Le travail de Hesse commençait à attirer l’attention commerciale et décisive qu’il méritait. Elle avait plus de 20 expositions de groupe prévues et avait été choisie pour une première page dans le ArtForum Magazine en 1970, l’année où elle est morte. Aujourd’hui, son travail est exposé par de nombreuses collections renommées de musées comme le Whitney, le MoMA, le Hirschhorn, le Pompidou à Paris, le Tate Modern de Londres et le Ludwig Museum de Cologne.

“Accretion” (Detail) d'Eva Hesse. (Crédit photo : Marcie Begleiter)
“Accretion” (Detail) d’Eva Hesse. (Crédit photo : Marcie Begleiter)
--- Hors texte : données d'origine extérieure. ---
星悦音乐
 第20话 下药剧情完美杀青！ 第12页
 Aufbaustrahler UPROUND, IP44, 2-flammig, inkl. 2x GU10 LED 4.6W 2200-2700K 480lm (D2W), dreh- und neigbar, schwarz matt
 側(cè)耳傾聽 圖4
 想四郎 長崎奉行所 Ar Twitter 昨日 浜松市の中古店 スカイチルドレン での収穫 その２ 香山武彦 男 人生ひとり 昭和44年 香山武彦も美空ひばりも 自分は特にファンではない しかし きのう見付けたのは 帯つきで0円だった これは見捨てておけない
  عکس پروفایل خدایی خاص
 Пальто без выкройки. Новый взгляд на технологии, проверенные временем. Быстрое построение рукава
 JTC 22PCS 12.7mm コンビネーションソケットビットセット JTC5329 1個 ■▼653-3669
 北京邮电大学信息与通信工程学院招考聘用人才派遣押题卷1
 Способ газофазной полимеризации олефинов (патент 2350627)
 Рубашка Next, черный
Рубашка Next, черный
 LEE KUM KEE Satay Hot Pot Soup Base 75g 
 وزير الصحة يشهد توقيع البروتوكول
Même si le père de Hesse venait d’une famille de juifs traditionnels, elle s’identifiée davantage comme une femme de culture juive lorsqu’elle a atteint l’âge adulte.

Begleiter a noté que Hesse avait approché la mort de manière spirituelle, en appliquant des principes bouddhistes.

« Elle a regardé la mort droit dans les yeux et l’a acceptée d’une manière joyeuse »

« Elle s’est laissée porter. Elle croyait que ce qui importait était la vie, ici et maintenant. Elle a regardé la mort droit dans les yeux et l’a acceptée d’une manière joyeuse », dit-elle.

Il y a peu de doute que Hesse, qui aurait eu 80 ans cette année si elle avait vécu, aurait poursuivi une carrière illustre.

Cependant, Begleiter a souligné le fait que « Eva Hesse » n’est pas un film tragique.

« Eva a fait plus en 34 ans que la plupart des gens en 100 ans. Ceci est une histoire sur la créativité face à la mortalité », dit-elle.

En plus de la sortie nationale et internationale du film, « Diaries », un livre sur les journaux intimes de Hesse, sera publié en mai par Yale University Press.